Alexandra já foi muita coisa na vida, já desempenhou vários papéis em meio século que leva dela, e por isso acredita que nessa separação fatal entre os centros de poder e/ou decisão e o cidadão comum cabe muito desconhecimento. "Só quem conhece o drama dos empresários que têm de decidir entre pagar salários e IVA, quem conhece o drama dos pobres que nem os dentes podem tratar para arranjar emprego, só quem sabe como é a pobreza envergonhada, só quem estuda a prevenção de catástrofes sabe como é barata a prevenção - comparada com a remediação de estragos -, só quem tenta ensinar alunos que passaram sem nada saber - sabe como é." "E se um autarca tivesse de gerir uma empresa que agoniza por autorizações camarárias?", questiona. "E se um empresário tivesse de fazer andar uma autarquia e a sua inenarrável burocracia com funcionários que não escolheu?", atira. "E se um ministro fosse por uma semana uma mãe de filhos pequenos sem creches em Lisboa?", interroga-se. "E se um professor se sentasse na pele de pais iletrados por um dia?", pergunta. Poderia continuar por aí fora a mãe de duas filhas (uma à entrada da universidade, outra à entrada do 5.º ano de escolaridade), licenciada em Engenharia Zootécnica, pós-graduada em Marketing e Comunicação, que porém é do mundo da comunicação por excesso e por defeito. "E se os defensores furiosos dos mercados tivessem de viver a vida de um desempregado, de olhos baixos num balcão de qualquer loja pedindo o carimbo que certifica que é um falhado?" As perguntas saem-lhe a toda a hora. Nos últimos anos deixou de ver televisão, zangada com os critérios jornalísticos - ou a falta deles. Com a falta de realidade que lhe parece imperar.

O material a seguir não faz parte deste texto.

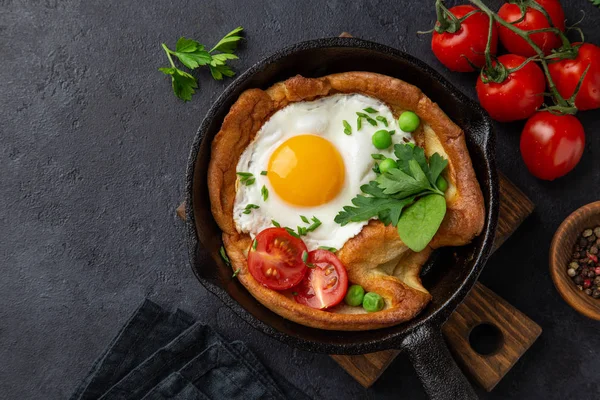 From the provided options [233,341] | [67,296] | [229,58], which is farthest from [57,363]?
[229,58]

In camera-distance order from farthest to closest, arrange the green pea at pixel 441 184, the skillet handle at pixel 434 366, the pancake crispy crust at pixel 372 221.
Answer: the green pea at pixel 441 184 < the pancake crispy crust at pixel 372 221 < the skillet handle at pixel 434 366

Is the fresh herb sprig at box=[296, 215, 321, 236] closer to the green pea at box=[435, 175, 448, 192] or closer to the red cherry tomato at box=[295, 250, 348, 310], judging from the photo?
the red cherry tomato at box=[295, 250, 348, 310]

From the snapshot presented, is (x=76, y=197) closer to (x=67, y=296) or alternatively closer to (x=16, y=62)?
(x=67, y=296)

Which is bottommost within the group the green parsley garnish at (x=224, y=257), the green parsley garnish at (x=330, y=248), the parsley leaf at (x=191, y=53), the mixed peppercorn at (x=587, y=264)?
the mixed peppercorn at (x=587, y=264)

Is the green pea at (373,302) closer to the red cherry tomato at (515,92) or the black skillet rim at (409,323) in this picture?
the black skillet rim at (409,323)

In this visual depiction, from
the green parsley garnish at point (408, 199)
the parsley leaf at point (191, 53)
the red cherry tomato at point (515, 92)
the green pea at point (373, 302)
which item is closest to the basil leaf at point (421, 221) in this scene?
the green parsley garnish at point (408, 199)

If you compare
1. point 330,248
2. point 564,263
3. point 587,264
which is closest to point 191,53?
point 330,248

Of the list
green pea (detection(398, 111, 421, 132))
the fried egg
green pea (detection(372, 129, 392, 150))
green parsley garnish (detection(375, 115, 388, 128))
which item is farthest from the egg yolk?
green pea (detection(398, 111, 421, 132))

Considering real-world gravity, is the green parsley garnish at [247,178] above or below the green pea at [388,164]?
below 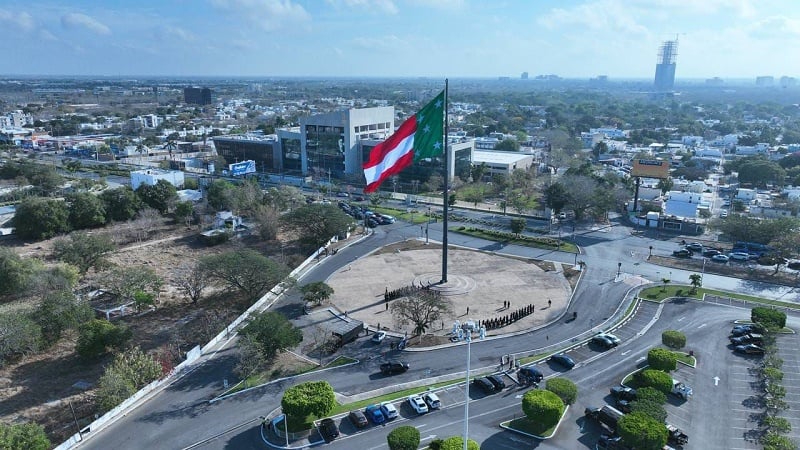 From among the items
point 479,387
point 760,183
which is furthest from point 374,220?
point 760,183

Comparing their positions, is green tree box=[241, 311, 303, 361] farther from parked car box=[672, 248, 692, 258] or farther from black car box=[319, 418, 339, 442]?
parked car box=[672, 248, 692, 258]

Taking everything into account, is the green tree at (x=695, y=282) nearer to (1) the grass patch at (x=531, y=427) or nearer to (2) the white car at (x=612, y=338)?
(2) the white car at (x=612, y=338)

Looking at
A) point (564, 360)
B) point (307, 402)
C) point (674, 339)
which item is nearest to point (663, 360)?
point (674, 339)

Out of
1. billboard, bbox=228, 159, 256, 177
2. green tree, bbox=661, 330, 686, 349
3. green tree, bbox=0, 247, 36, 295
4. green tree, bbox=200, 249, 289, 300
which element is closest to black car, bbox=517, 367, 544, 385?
green tree, bbox=661, 330, 686, 349

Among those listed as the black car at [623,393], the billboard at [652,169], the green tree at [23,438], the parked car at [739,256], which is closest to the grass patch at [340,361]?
the green tree at [23,438]

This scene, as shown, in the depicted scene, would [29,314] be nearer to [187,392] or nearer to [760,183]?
[187,392] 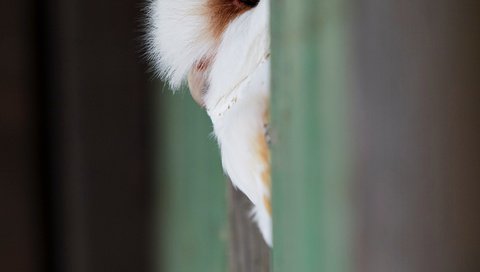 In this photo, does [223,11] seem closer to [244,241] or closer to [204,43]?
[204,43]

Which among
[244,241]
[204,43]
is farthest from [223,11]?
[244,241]

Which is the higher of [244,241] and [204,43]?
[204,43]

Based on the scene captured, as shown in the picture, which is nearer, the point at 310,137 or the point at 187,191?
the point at 310,137

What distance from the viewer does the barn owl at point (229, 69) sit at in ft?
0.77

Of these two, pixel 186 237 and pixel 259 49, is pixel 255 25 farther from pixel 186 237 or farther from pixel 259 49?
pixel 186 237

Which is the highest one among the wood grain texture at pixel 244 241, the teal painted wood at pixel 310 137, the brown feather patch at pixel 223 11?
the brown feather patch at pixel 223 11

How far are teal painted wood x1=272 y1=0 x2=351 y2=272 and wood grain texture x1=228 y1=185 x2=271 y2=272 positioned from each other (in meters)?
0.07

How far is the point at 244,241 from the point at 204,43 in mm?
113

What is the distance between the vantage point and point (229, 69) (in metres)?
0.26

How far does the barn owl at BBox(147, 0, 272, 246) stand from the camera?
24 cm

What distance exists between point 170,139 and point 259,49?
0.08 m

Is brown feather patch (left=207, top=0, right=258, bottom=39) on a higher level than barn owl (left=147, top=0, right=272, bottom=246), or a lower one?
higher

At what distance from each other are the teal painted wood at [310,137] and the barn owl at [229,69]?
0.03 m

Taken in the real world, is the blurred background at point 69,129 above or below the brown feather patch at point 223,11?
below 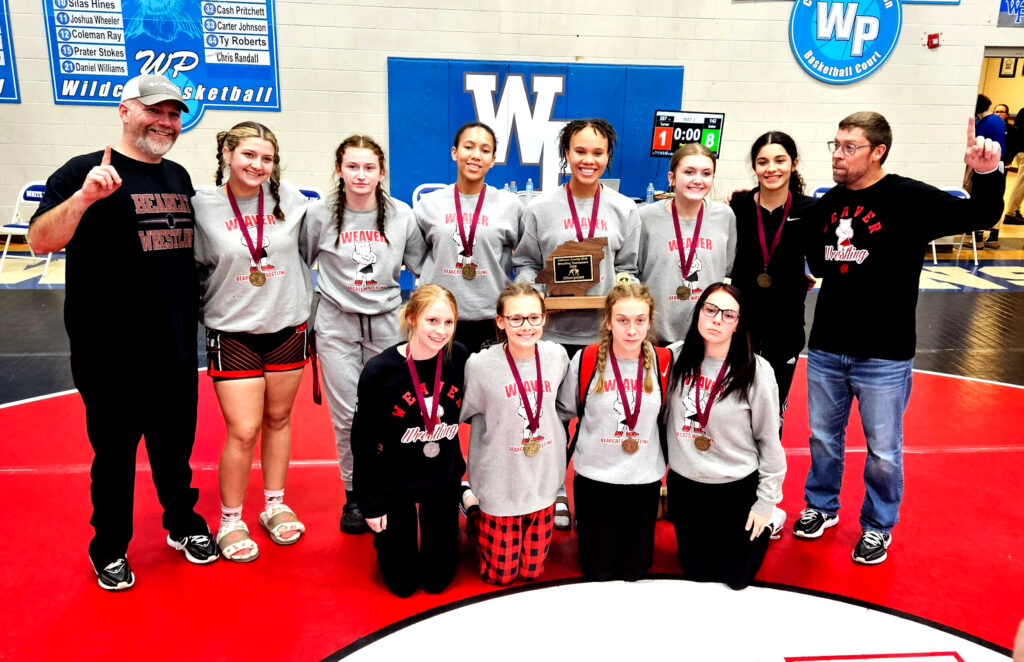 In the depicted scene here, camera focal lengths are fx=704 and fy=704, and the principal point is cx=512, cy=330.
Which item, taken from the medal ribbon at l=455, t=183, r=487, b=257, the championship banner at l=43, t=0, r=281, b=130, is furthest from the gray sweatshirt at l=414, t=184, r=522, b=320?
the championship banner at l=43, t=0, r=281, b=130

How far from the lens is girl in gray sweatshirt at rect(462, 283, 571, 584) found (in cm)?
266

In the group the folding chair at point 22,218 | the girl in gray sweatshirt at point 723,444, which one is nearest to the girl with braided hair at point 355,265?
the girl in gray sweatshirt at point 723,444

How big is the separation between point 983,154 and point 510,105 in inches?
276

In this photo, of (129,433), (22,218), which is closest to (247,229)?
(129,433)

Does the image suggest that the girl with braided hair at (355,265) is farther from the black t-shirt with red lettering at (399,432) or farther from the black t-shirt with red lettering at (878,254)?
the black t-shirt with red lettering at (878,254)

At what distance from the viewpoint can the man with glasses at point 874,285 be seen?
2.68 metres

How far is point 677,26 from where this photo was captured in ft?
29.6

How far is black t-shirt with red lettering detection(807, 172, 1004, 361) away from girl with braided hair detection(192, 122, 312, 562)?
2.19 meters

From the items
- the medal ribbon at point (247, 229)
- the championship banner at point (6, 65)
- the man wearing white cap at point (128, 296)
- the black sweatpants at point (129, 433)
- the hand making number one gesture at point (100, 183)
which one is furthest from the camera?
the championship banner at point (6, 65)

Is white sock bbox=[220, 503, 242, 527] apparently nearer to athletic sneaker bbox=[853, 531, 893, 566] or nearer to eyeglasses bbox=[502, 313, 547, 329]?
eyeglasses bbox=[502, 313, 547, 329]

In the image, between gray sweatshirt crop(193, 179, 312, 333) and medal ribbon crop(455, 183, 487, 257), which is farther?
medal ribbon crop(455, 183, 487, 257)

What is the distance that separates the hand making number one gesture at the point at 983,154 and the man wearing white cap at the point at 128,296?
2817mm

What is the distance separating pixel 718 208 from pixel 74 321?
255 cm

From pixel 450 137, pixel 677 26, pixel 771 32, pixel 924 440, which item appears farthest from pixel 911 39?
pixel 924 440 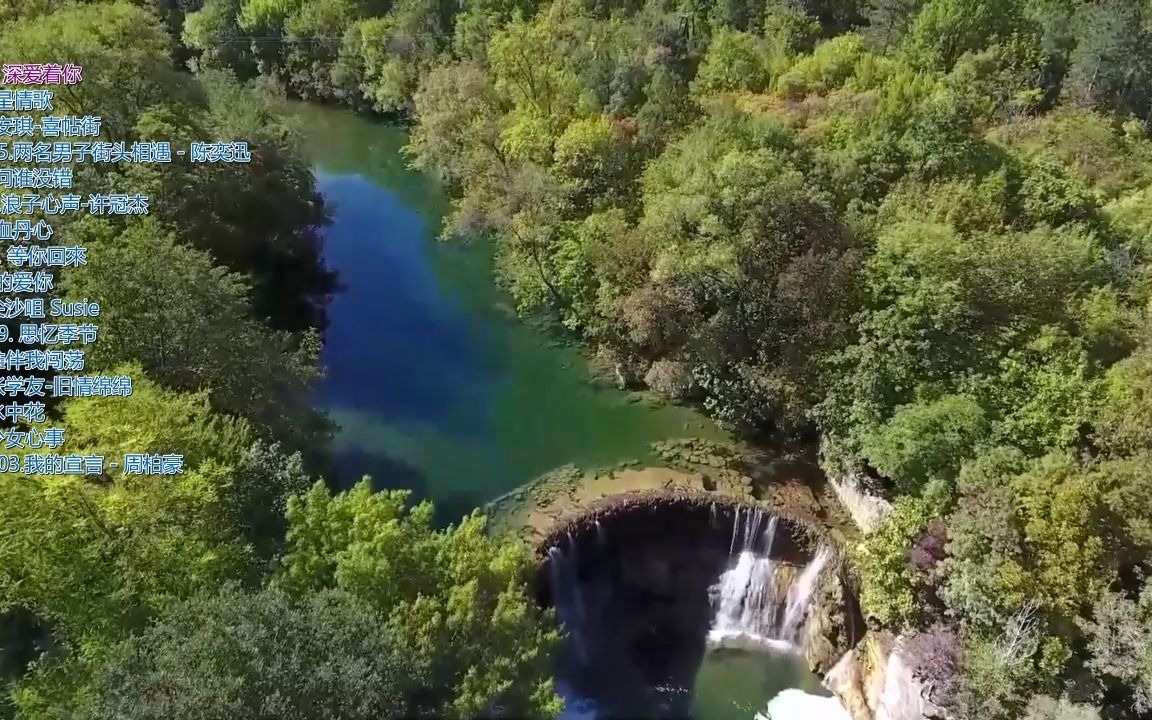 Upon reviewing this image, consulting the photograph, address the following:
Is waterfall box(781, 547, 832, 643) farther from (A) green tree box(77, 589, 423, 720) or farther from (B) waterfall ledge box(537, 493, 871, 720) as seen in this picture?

Há dois anos, empenhou-se a sério no movimento cívico de apoio aos refugiados. Portugal deve recebê-los ou não? "É como perguntar se Aristides Sousa Mendes deveria ter ajudado milhares de refugiados a escapar do horror nazi em 1940. Deveria? Acho que o Tempo deu a resposta." Lá atrás ficou também o tempo da troika, em que - mais uma vez - se envolveu ativamente na luta para a mandar embora. Agora que já passou, acredita que estamos hoje muito melhor em cada uma das nossas vidas. "A esperança voltou a muitas casas onde o desemprego pareceu um túnel sem fim durante os tempos infelizes em que tentaram convencer-nos de que vivíamos acima das nossas possibilidades. E sim, alguns de nós viveram acima das possibilidades de um país pobre: a banca, o compadrio, e o país das obras inúteis." Alinhada à esquerda (embora sem qualquer filiação partidária), assiste todos os dias a um movimento contínuo "do país a mexer". Na economia? "Sim! mas essa está sedenta de empresários qualificados (seis em cada dez nem o secundário concluíram), de mão-de-obra qualificada. Precisamos dos melhores na formação e os melhores precisam de ser bem pagos. A formação profissional precisa de ser repensada do zero." "E a cidadania? Não querem saber como se constrói aquela coisa impalpável que faz de nós uma nação de que nos orgulhamos, ou não? Dos excelente recursos que temos para a construção de gente que possa ler o seu Tempo e o mundo destaco dois programas: da Antena 1, aquela que pagamos todos para ter aquilo que nenhuma rádio privada poderá ter - programas de autor de verdadeiro serviço público: A Vida dos Sons; a História do séc. XX, de 1900 a 1989, com recurso ao acervo sonoro do arquivo da rádio pública; devia ser obrigatório em escolas e em horário nobre", considera.